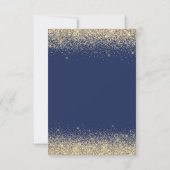 Navy Blue Gold Any Age Birthday Glitter Kaart (Achterkant)
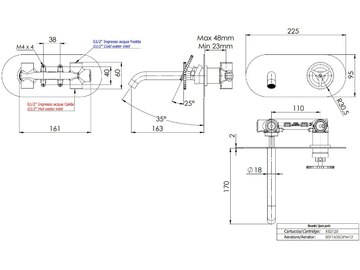 CHRONO - Wall-mounted single handle washbasin mixer with plate by Remer Rubinetterie - view 3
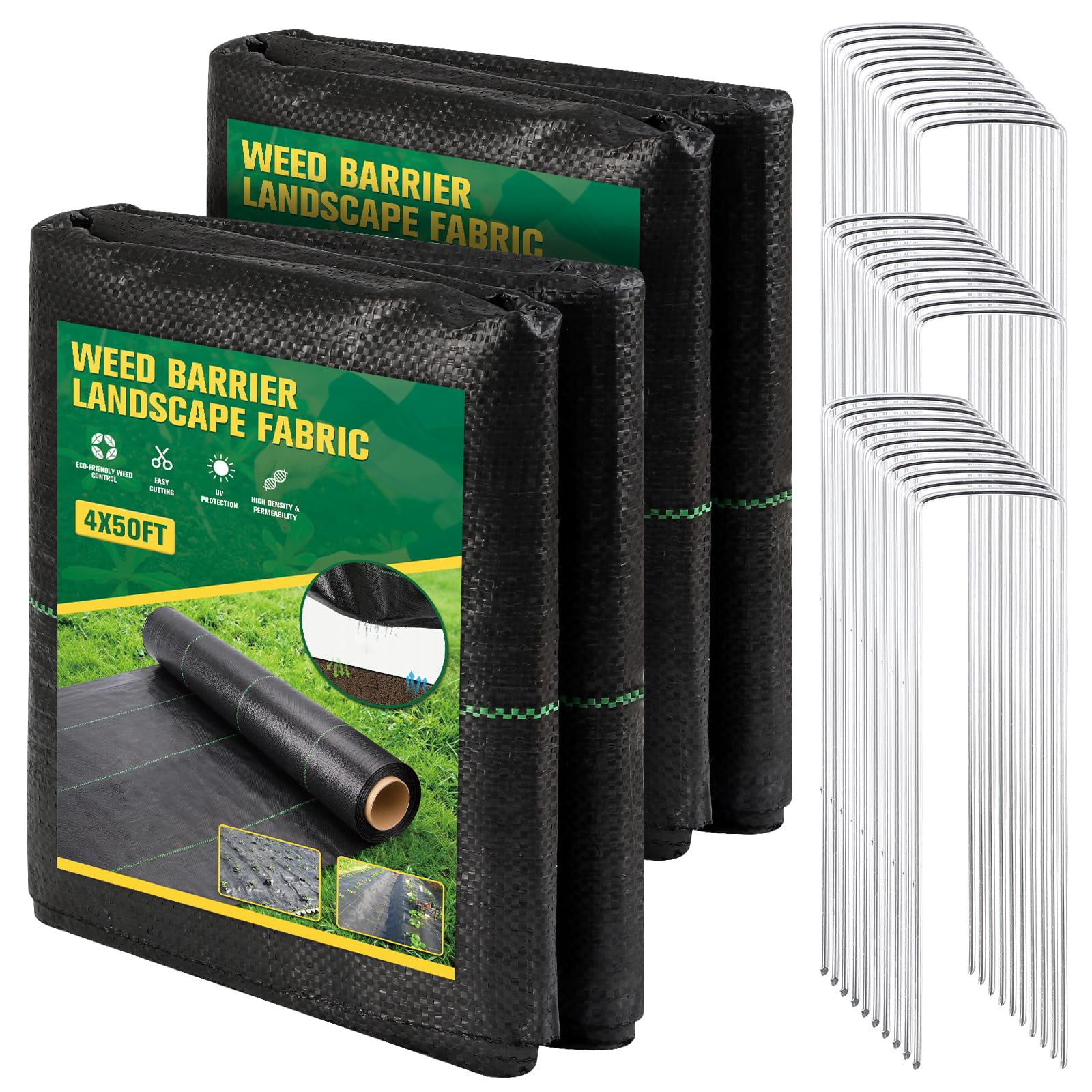 4ft X 100ft Weed Barrier Landscape Fabric  3.2oz Woven Ground Cover For Gardening & Landscaping With 30 U-shaped Stakes (2-pack 4x50ft)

------------

* REQUIRED WORK
Except for the pictures, write the data out exactly.

* WRITTEN RESPONSE
 Navy Blue Gold Any Age Birthday Glitter Kaart (Achterkant)
 CHRONO - Wall-mounted single handle washbasin mixer with plate by Remer Rubinetterie - view 3
 4ft X 100ft Weed Barrier Landscape Fabric  3.2oz Woven Ground Cover For Gardening & Landscaping With 30 U-shaped Stakes (2-pack 4x50ft)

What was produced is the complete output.